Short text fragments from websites
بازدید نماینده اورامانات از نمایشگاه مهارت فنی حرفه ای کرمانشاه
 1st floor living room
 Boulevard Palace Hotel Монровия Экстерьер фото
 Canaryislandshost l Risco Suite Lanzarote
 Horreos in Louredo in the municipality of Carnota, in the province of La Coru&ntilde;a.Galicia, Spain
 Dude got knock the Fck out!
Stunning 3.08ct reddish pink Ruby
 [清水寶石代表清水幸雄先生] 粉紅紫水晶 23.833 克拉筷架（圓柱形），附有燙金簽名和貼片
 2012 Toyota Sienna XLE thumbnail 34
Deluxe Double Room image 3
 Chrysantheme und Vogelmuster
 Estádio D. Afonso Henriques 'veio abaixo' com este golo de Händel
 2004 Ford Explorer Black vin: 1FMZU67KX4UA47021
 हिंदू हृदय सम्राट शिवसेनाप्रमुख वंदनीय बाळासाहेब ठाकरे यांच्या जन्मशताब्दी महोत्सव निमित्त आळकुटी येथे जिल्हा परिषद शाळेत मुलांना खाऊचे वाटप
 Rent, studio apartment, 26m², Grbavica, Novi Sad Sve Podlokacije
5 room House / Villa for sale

What is being asked |
Would you copy out exactly the lines from the one holding "Dude got knock the Fck out!" through the end of the entries above, both ends included?

Response box |
 Dude got knock the Fck out!
Stunning 3.08ct reddish pink Ruby
 [清水寶石代表清水幸雄先生] 粉紅紫水晶 23.833 克拉筷架（圓柱形），附有燙金簽名和貼片
 2012 Toyota Sienna XLE thumbnail 34
Deluxe Double Room image 3
 Chrysantheme und Vogelmuster
 Estádio D. Afonso Henriques 'veio abaixo' com este golo de Händel
 2004 Ford Explorer Black vin: 1FMZU67KX4UA47021
 हिंदू हृदय सम्राट शिवसेनाप्रमुख वंदनीय बाळासाहेब ठाकरे यांच्या जन्मशताब्दी महोत्सव निमित्त आळकुटी येथे जिल्हा परिषद शाळेत मुलांना खाऊचे वाटप
 Rent, studio apartment, 26m², Grbavica, Novi Sad Sve Podlokacije
5 room House / Villa for sale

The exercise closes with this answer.